__Try it__.
In the listing that follows, find the line with "Tumori Mediastinale - Traian", then copy exactly from it through the line with "Увеличение подбородка филлерами", leaving out every picture.

─── Material provided

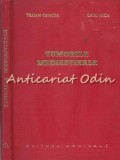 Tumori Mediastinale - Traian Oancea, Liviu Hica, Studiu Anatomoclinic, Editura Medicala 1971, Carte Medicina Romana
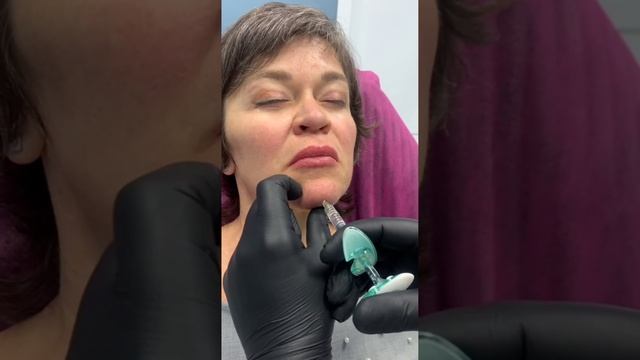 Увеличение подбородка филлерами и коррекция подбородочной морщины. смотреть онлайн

──────
─── Material provided

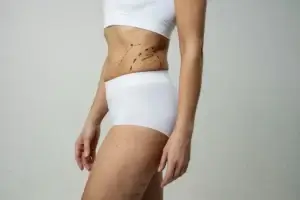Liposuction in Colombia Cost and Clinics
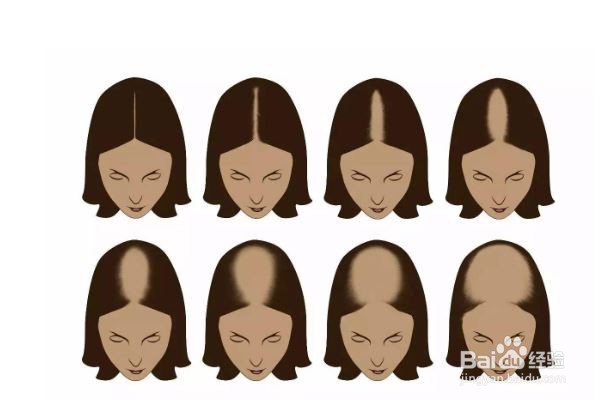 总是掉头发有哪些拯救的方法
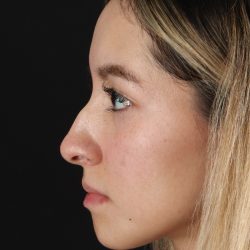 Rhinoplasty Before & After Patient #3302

──────
─── Material provided

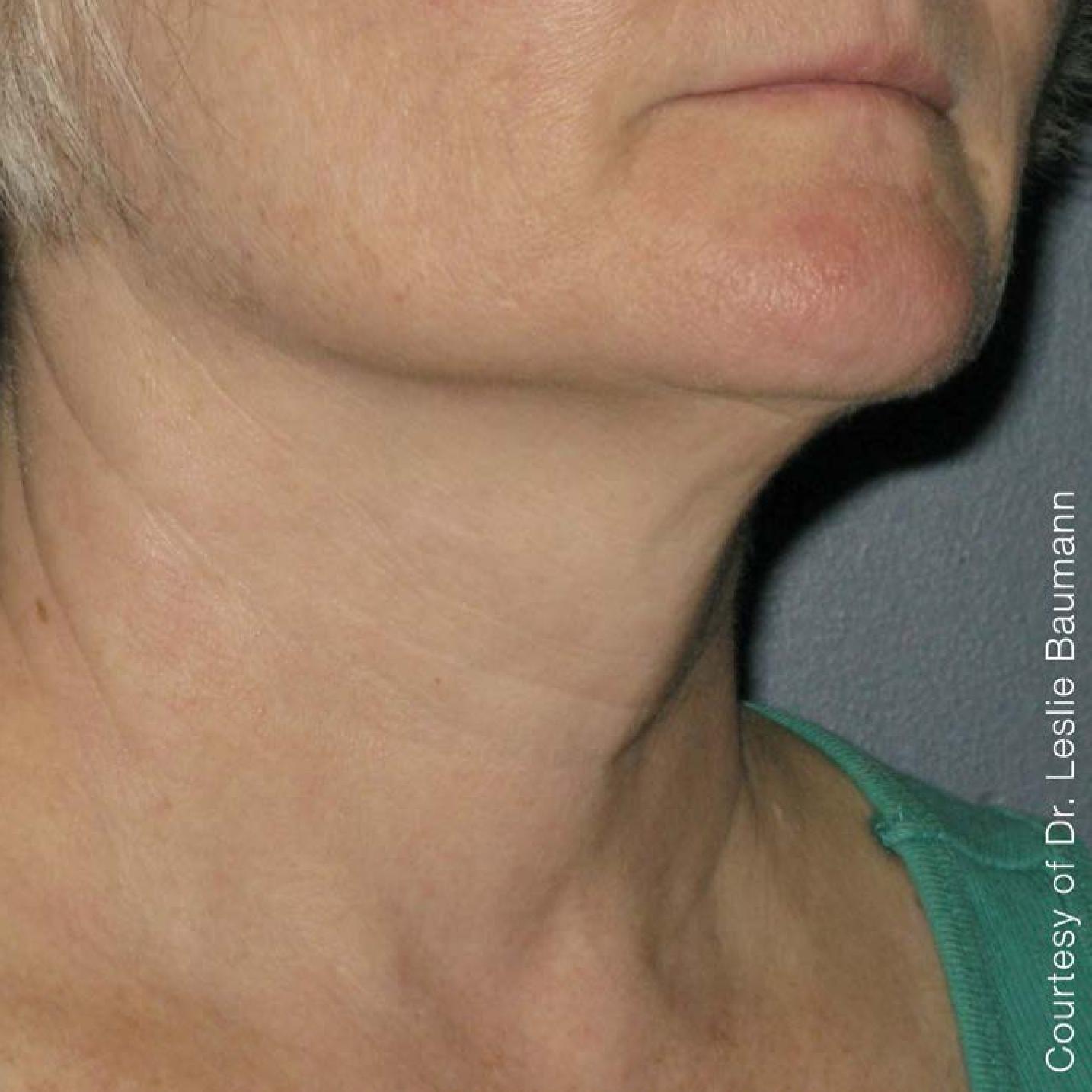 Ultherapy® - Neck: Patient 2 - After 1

──────

__Result of the exercise__.
 Tumori Mediastinale - Traian Oancea, Liviu Hica, Studiu Anatomoclinic, Editura Medicala 1971, Carte Medicina Romana
 Увеличение подбородка филлерами и коррекция подбородочной морщины. смотреть онлайн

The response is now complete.